Analyzing Tesla


Introduction

Financial markets are notoriously unpredictable. Institutions funnel billions into understanding the noise that exists in the markets, as discoveries of even the smallest criteria can allow them to develop an edge upon others. Edges like these are usually developed by looking at both subjective and objective external data sources such as realtime news feeds, corporate earnings reports, and raw data unrelated to the financial sector. In this document, we will investigate and attempt to discover whether a correlation exists between Tesla’s stock price and datapoints gathered from related reddit comments, and determine whether this possible correlation is both significant and predictive.

Here is a Link to the Reddit comment data used.


The Data



Reddit

The data used in this analysis was gathered from Pushshift.io, which is a public wrapper for the official Reddit API that allows mass querying and aggregation of data at a large scale. Pushshift, in this instance, will be used to gather all comments pertaining to Tesla, TSLA, and $TSLA ranging from January 1st, 2015 to December 31st, 2017. Data past this point is not included because of server and data issues on Pushshift’s end, leaving us with a total just shy of 750,000 comments. Below is a table that details information about the columns we will be working with, as well as a random sample of what a row might look like.

Aggregating reddit comments were a bit more involved. Data had to be gathered in batches of 1,000 comments at a time from Pushshift.io, which is a wrapper for reddit’s official API that is designed for mass querying aggregation of data. While provided by an API, this data was not provided in a structured and consistent format. Rows were not consistent in every request, with some columns missing entirely. Data outside the desired bounds (January 1st, 2015 to July 31st, 2018) will also have to be excluded. ___

Data Source Data Type Description
body character The comment text.
utc_datetime_str character The datetime the comment was posted.
Year integer The year the comment was posted.
Month integer The month the comment was posted.
Day integer The day the comment was posted.


Tesla Stock Prices

We will also be using Tesla’s historical stock price, which was gathered from Yahoo Finance. Stock splits and other corporate actions have already been accounted for, so we can use this data as-is. This data will serve as the ‘dependent variable’ in this analysis, allowing a baseline to be established for the analysis. Below is a table that details information about the columns we will be working with, as well as a random sample of the data that this analysis will utilize. Bolded text indicate that they exist as a derivative of the original data.
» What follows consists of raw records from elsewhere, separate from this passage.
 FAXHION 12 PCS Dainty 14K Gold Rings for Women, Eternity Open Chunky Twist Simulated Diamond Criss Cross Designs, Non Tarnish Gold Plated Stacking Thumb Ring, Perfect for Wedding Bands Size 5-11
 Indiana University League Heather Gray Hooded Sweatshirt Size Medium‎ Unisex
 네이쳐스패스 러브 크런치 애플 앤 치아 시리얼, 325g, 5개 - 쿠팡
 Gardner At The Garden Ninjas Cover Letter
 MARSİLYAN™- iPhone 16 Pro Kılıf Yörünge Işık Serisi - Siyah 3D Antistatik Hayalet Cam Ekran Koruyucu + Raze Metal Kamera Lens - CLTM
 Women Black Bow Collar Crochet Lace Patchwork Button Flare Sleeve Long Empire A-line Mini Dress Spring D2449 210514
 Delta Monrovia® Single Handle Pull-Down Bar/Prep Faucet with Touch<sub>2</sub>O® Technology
We have only been provided with the daily opening, closing, volume, and date of each day’s trading, so we will still need to establish a daily average value for each day. This will be done by creating a column titled average_price that represents the mean of the daily opening and adjusted closing prices. A row detailing change created by corporate actions has also been included. Extraneous rows that do not fall within the desired date range will also need to be removed. ___

Data Source Data Type Description
Date Date Date of the stock price.
Open Numeric Opening price of the stock.
High Numeric Highest price of the stock.
Low Numeric Lowest price of the stock.
Close Numeric Closing price of the stock.
Adj.Close Numeric Adjusted closing price of the stock.
Volume Numeric Volume of the stock.
Average Price Numeric Average price of the stock.
Corporate Action Change Numeric Change in price due to corporate actions.


Sources and Libraries


The Analysis


Abstract

We will be approaching this analysis in three parts. First, we will examine Tesla’s stock price and try to understand the larger picture while also attempting to identify any outliers ar anomalies that may impact our later analysis. This will be followed up by a deep dive into the data gathered from reddit comments, where we will try to understand and identify what is important and what is not. Afterwards, we will investigate both of these sets in conjunction with one another to discover any correlation that may exist between the two sets while also ensuring we take note of any discoveries that may have came up in the previous two parts.


Part 1: Tesla Stock Price


Price

Being a stock, it would only make sense to begin our analysis by examining Tesla’s stock price over time. This is what would normally appear if one were to quickly look up a company, and should give us a good look into how the company has changed as time has progressed.

We can see here that there is, on a macro scale, a positive trend as time progresses as indicated by the trend line. This is to be expected, as it falls in line with the general positive trend that the stock market and world economy experienced during this time period. Assuming that everything outside the scope of this analysis progresses constantly, we can expect this company to continue to grow as time progresses on a macro scale. However, it is important to note here that this trend cannot be used as an indicator of short-term price movements, as short-term movement cannot be predicted with any certainty from just previous price data alone.


Volume

Volume is another metric that is important to examine when looking at a stock. It indicates the amount of shares that exchange hands in a specified period of time. While it is not a direct indicator of price, it can be used as a factor in determining the strength of public interest surrounding the company. This is important to note, as this could be used to form a later relation between the volume of reddit comments and the stock’s volume. Below is a bar chart that shows the volume corresponding to Tesla stock over time.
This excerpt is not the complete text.